Background and aims Belimumab is a monoclonal antibody that inhibits soluble B lymphocyte stimulator (BLyS, also known as BAFF), approved for the treatment of systemic lupus erythematosus (SLE). Here, we sought to identify B cell alterations during belimumab treatment.

Methods Twenty-three SLE patients treated with belimumab were enrolled. Peripheral blood mononuclear cells were collected and cryopreserved at treatment initiation and at regular follow-up visits for up to 3 years. The samples were simultaneously assayed using mass cytometry. Cell counts were adjusted for total lymphocyte counts.

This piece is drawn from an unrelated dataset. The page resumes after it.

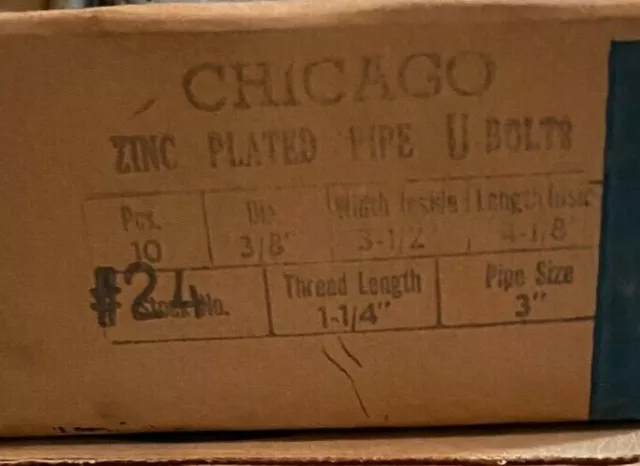 Boulons en U de tuyau plaqué zinc Chicago 3/8e diamètre (Pack de 4) avec 8 écrous 2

Results CD20⁺ B cells decreased over time (p<0.0001). We observed a rapid reduction of naïve (CD19⁺CD20⁺IgD⁺IgM⁺CD27^-) and age-associated B cells (CD19⁺CD20⁺CD11c⁺CD21^-) already at the first follow-up visit (month 3), followed by a continuous decrease (p<0.0001 for both subsets), while double-negative memory B cells (CD19⁺CD20⁺IgD^-CD27^-) declined significantly first at month 6 (p=0.033) and pre-switching B cells (CD19⁺CD20⁺IgD⁺CD27⁺) showed a trend towards a decrease (p=0.052). Plasma cells (CD138⁺CD38⁺CD27⁺CD19⁺CD3e^-CD20^-) and switched memory B cells (CD19⁺CD20⁺CD27⁺IgD^-) remained stable during the study period, as did T cells and monocytes (p>0.2). Despite continuously decreasing SLE Disease Activity Index, immunological changes correlated with clinical improvements only during early time points (month 0–3). Interestingly, high baseline B cell counts were predictive of non-attaining Lupus Low Disease Activity State at month 24 (area under the ROC-curve: 0.95).

Conclusions B cell alterations betided in two distinct phases, a rapid early and a gradual late phase. Late clinical improvements might reflect preceding immunological changes, implying that early treatment evaluation and discontinuation might underestimate delayed improvements reflecting the late B cell changes.